TASK - Each line of the data below between the one containing "Smore Love Red Orange Wedding Favor Tags" and the one containing "COACH Rogue Cow", both included, is to be repeated exactly. Please omit pictures.

Top of MATERIAL TO PROCESS

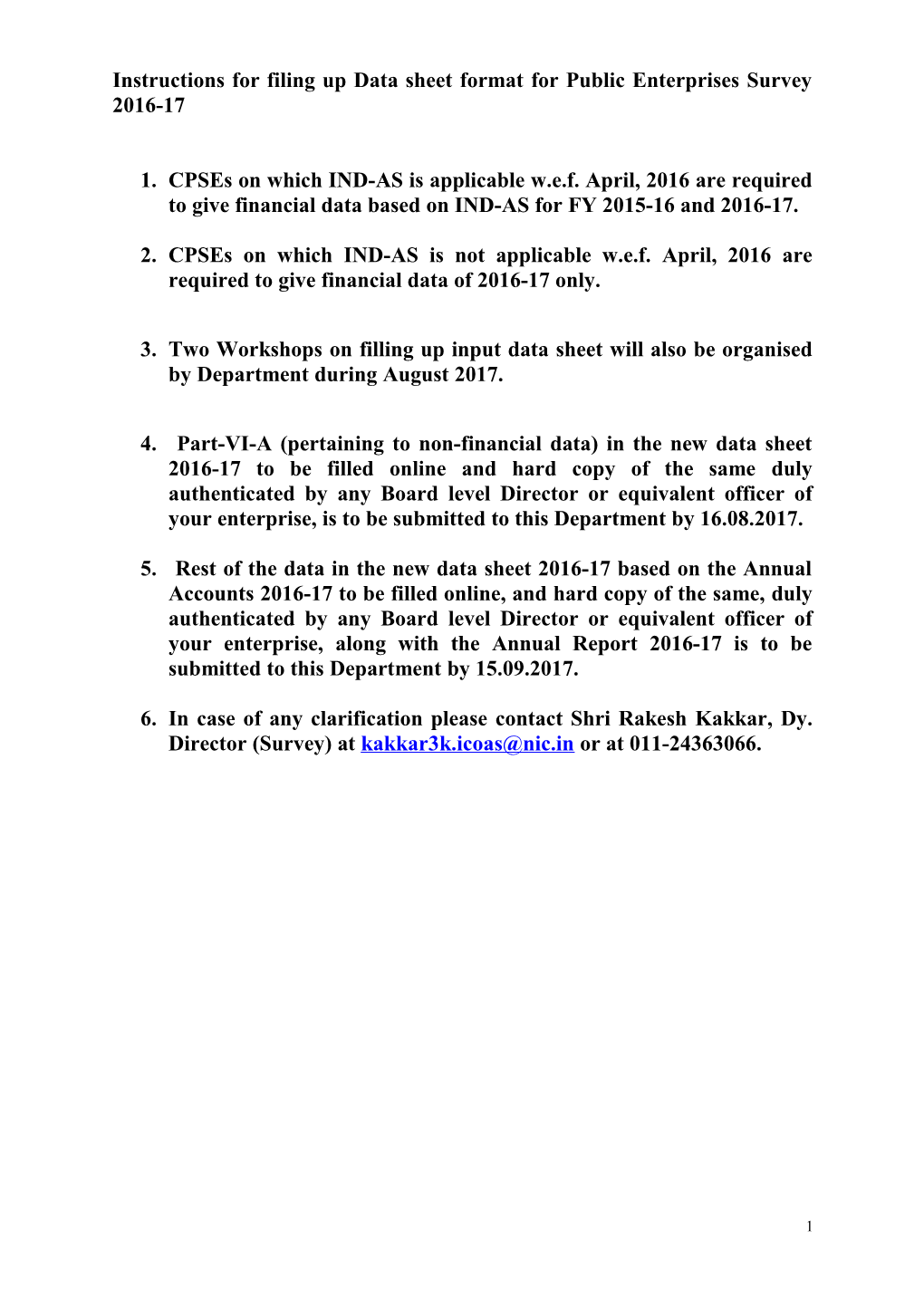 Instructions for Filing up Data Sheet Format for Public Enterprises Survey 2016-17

Bottom of MATERIAL TO PROCESS
Top of MATERIAL TO PROCESS

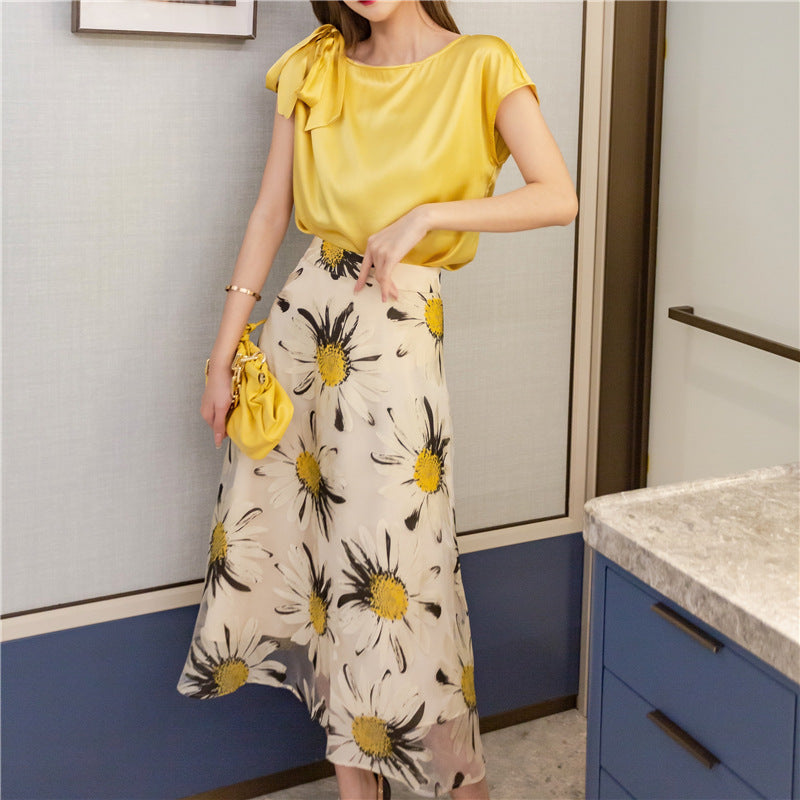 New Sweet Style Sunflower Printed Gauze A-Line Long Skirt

Bottom of MATERIAL TO PROCESS
Top of MATERIAL TO PROCESS

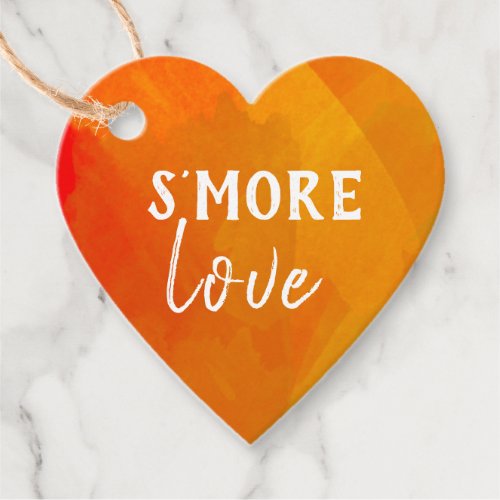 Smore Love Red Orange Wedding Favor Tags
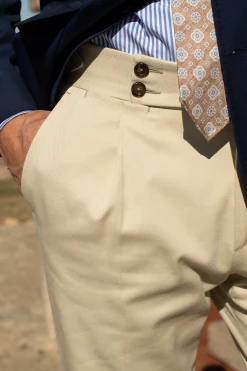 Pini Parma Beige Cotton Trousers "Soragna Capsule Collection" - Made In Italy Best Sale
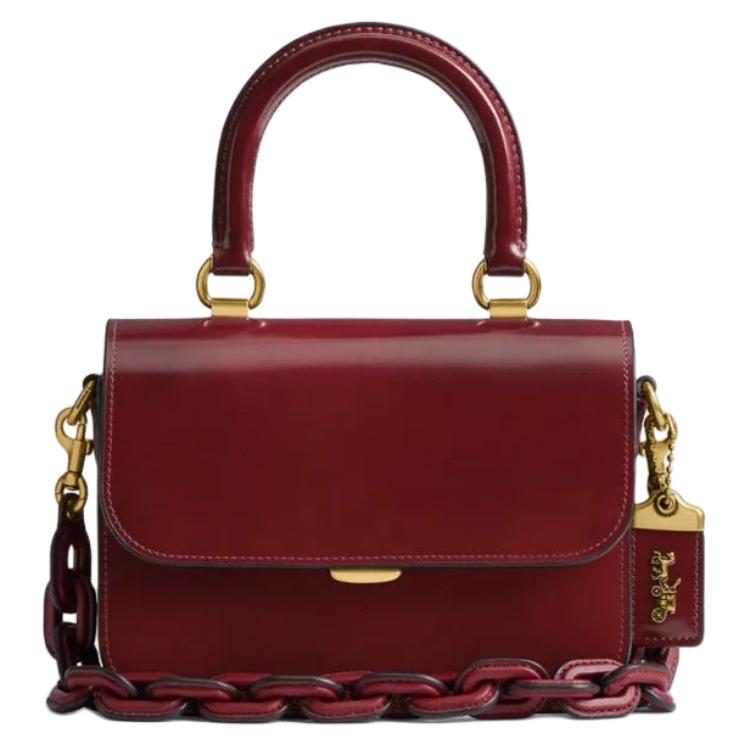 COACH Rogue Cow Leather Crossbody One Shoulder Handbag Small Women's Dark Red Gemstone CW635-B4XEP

Bottom of MATERIAL TO PROCESS

RESULT OF THE TASK -
 Smore Love Red Orange Wedding Favor Tags
 Pini Parma Beige Cotton Trousers "Soragna Capsule Collection" - Made In Italy Best Sale
 COACH Rogue Cow Leather Crossbody One Shoulder Handbag Small Women's Dark Red Gemstone CW635-B4XEP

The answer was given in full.